24/7 Rock Star Shit is the new album by Wakefield lads The Cribs. Their seventh studio album (if you don’t include best-of Payola) begins in the most Cribs was possible; a screech of guitar into an immediately catchy riff. The classic Jarman brother vocals on Give Good Time aren’t note perfect, but that isn’t why you listen to this band, they’re charming and pack a punk rock punch. Give Good Time could easily be off their self-titled debut, the distortion within the guitars sound super old school but the slick production brings it right back to 2017.
Year Of Hate was the first song from the album that fans got the chance to listen to which got a widely positive reaction, and the melodic guitar riff to open the track draws the listener in. The pulsating drums from Ross Jarman perfectly compliment the call and response from Ryan and Gary (guitar and bass respectively) in the verse. In Your Palace is more melodic and seems to be a follow on from 2015’s release For All My Sisters, the garage rock vibes and anthemic chorus make the track a one of the standouts on the album.
Dendrophobia is no doubt pure punk, vocals at times clash with the guitars but the high screeches are so charming and make for interesting listening. Sticks Not Twigs is a sweet acoustic ditty with the two brothers harmonising on the chorus but it’s Rainbow Ridge that is the highlight of the album. There are so many different elements in the song that are taken from so many of the different Cribs eras; the melodic vocals from Brazen Bull and Sisters, the distorted guitars from the first two releases, catchy chorus from Men’s Needs Women’s Needs Whatever. Furthermore, you can hear the possible Nirvana influenced guitar line in the chorus, which could be down to the producer of the album, Steve Albini- the man who produced Nirvana’s In Utero. The Cribs originally worked with Albini back in 2011 when they were in Chicago recording In The Belly Of The Brazen Bull but they held some of the songs back for this release.
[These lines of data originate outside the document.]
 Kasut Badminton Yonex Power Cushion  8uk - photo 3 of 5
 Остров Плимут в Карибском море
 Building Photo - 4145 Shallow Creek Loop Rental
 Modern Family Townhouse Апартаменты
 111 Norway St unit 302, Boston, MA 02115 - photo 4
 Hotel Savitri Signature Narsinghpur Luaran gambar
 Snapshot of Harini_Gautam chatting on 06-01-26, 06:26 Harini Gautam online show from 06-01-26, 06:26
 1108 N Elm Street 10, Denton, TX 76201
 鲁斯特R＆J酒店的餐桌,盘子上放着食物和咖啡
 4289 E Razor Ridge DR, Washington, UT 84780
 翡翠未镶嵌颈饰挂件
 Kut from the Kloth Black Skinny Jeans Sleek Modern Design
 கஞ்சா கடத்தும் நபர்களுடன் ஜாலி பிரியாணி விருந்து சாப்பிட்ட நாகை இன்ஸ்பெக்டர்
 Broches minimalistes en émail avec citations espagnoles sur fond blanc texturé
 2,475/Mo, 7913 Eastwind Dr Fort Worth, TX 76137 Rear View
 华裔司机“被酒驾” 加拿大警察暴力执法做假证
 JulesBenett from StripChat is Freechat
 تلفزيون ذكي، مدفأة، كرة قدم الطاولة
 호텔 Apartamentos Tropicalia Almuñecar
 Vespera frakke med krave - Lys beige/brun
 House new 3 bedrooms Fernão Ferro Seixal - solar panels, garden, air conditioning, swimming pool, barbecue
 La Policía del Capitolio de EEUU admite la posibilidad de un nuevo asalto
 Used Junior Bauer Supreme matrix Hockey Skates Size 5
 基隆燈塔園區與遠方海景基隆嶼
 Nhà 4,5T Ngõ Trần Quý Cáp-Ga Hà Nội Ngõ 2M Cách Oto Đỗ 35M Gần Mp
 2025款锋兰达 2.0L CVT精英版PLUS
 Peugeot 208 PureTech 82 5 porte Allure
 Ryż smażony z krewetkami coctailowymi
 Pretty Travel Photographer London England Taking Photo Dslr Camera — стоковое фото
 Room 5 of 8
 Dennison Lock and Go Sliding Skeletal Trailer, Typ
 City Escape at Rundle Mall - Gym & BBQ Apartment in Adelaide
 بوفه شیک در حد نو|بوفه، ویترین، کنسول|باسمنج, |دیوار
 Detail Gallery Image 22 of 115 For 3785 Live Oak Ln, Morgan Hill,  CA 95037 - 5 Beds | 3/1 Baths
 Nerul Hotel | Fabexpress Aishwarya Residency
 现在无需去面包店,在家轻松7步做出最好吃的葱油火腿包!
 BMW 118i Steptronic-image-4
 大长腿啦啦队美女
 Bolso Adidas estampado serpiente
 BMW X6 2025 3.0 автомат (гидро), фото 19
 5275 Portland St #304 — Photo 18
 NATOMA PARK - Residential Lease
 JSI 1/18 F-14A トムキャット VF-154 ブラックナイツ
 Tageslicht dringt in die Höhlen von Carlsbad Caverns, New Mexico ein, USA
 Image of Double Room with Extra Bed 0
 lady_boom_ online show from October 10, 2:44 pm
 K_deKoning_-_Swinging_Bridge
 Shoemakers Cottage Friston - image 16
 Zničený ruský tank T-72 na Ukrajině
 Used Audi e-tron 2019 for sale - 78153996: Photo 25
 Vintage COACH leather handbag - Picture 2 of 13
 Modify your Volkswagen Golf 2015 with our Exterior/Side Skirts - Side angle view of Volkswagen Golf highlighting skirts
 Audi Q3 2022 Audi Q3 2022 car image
Dead At The Wheel is another slower song, the production of the song is superb and the vocals again charismatic, even when slightly whispered. The track has a super trippy overriding sound to it and is hypnotising in parts. Album closer Broken Arrow has another classic metallic Cribs guitar line underneath the vocals. The screeched distorted guitar solo to finish the track diminishes to silence at the end making for an interesting end to the album.
Overall, this is another solid release from the self-proclaimed “world’s premier mid-fi band”, if you’re a Cribs fan you’ll be super pleased with the outcome of this new album, especially that it was recorded and released at such short notice. It’s great to see bands that have been working solidly for 15 years still make great music that has developed, yet still has the core elements from their origin. The originality of The Cribs will never die and the fact that they might never be in the mainstream (hence the possible tongue-in-cheek album title) hasn’t concerned them since the start but it would be great to see this album dominating in the charts over the next week.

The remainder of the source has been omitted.